We do not "define" the limit to be the limit of the "modified" expression. The limit of the "modified" expression is equal to the original limit.
It is better to see why this makes sense in the simple cases. For instance,
$$\lim_{x \to 0} \frac{x}{x}$$
The limit cannot be computed in that form for the same reason your limit can't. However, whenever you pick a very small non-zero value of $x$ and compute $x/x$, the result is approximately (actually, exactly) $1$. This is what it means for $\lim_{x \to a} f(x)$ to be equal to $l$, where $f$ is a function defined in a neighborhood of (i.e. in a sufficiently small region around) $a$ (but not necessarily defined at $a$):
For any $\epsilon > 0$, there exists a $\delta > 0$, such that if $0 < |x - a| < \delta$, then $|f(x) - l| < \epsilon$
This means that however small you want the distance between $f(x)$ and $l$ to be, you can find a sufficiently small number $\delta$, such that for any $x \neq a$ within $\delta$ from $a$, $f(x)$ is within $\epsilon$ from $l$.

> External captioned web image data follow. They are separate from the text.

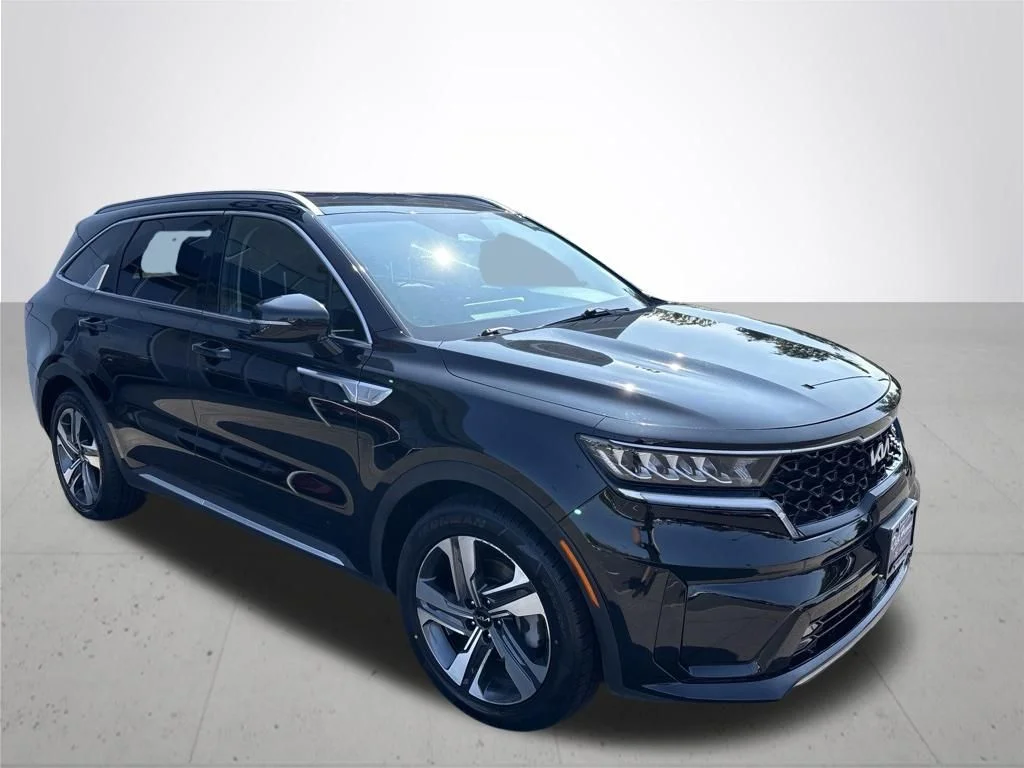 Used 2023 Black Kia EX image 4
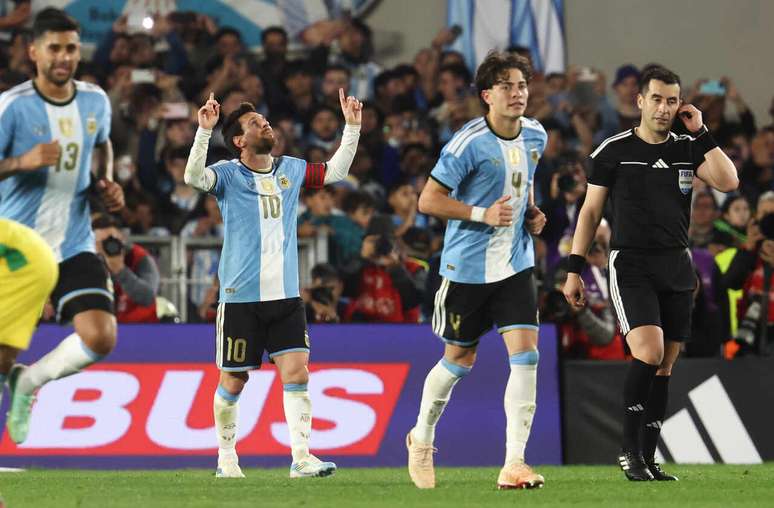 Giay sofreu o p&ecirc;nalti que resultou no &uacute;ltimo gol de Messi pela Argentina &ndash;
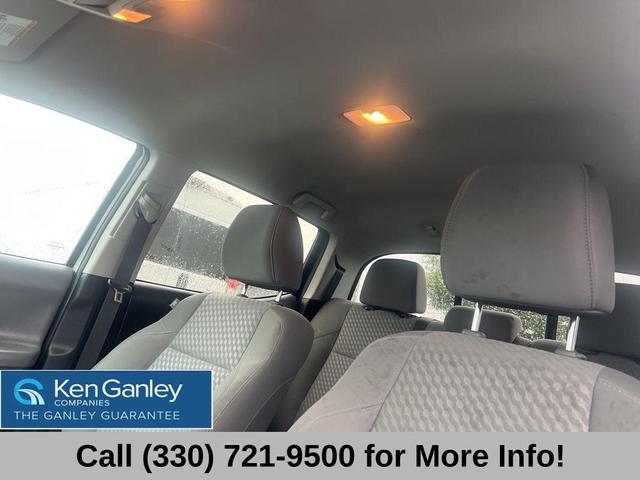 Photo of 2022 White Toyota Tacoma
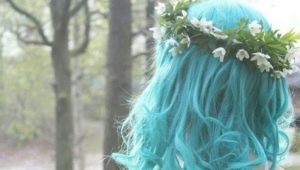 Tyrkysová barva vlasů: kdo se hodí a jak si barvit vlasy?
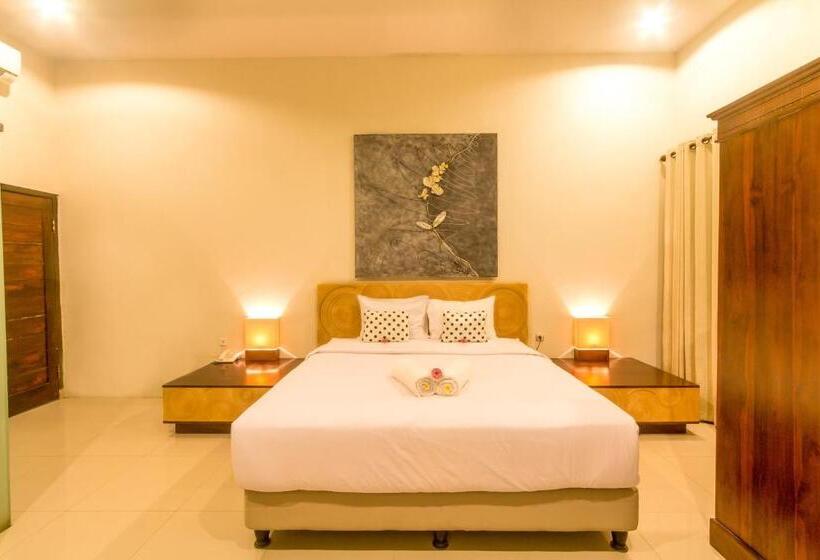 غرفة سوبيريور مطلة على حمام السباحة, Jm Hotel Kuta Lombok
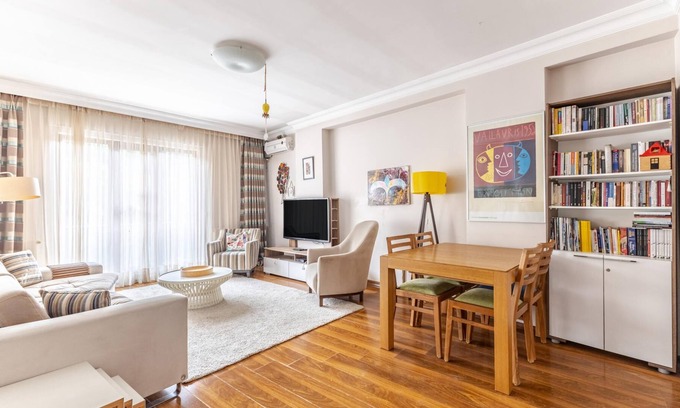 Esentepe Apartamento | Chic Flat 5 min to Kanyon Mall and Metro in Levent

So, when we cancel out the $x$'s in the above limit, we are doing perfectly valid math. We do not care about the value of the function at the point $0$ (which is undefined), but about the value of the function in a neighborhood of $0$ which does not include $0$. The same reasoning applies to any such limit as yours.
$\lim_{x\to 2} \frac{x^2 + x - 6}{x - 2}$
The limit absolutely can be calculated in this form. Go back to the definition of a limit.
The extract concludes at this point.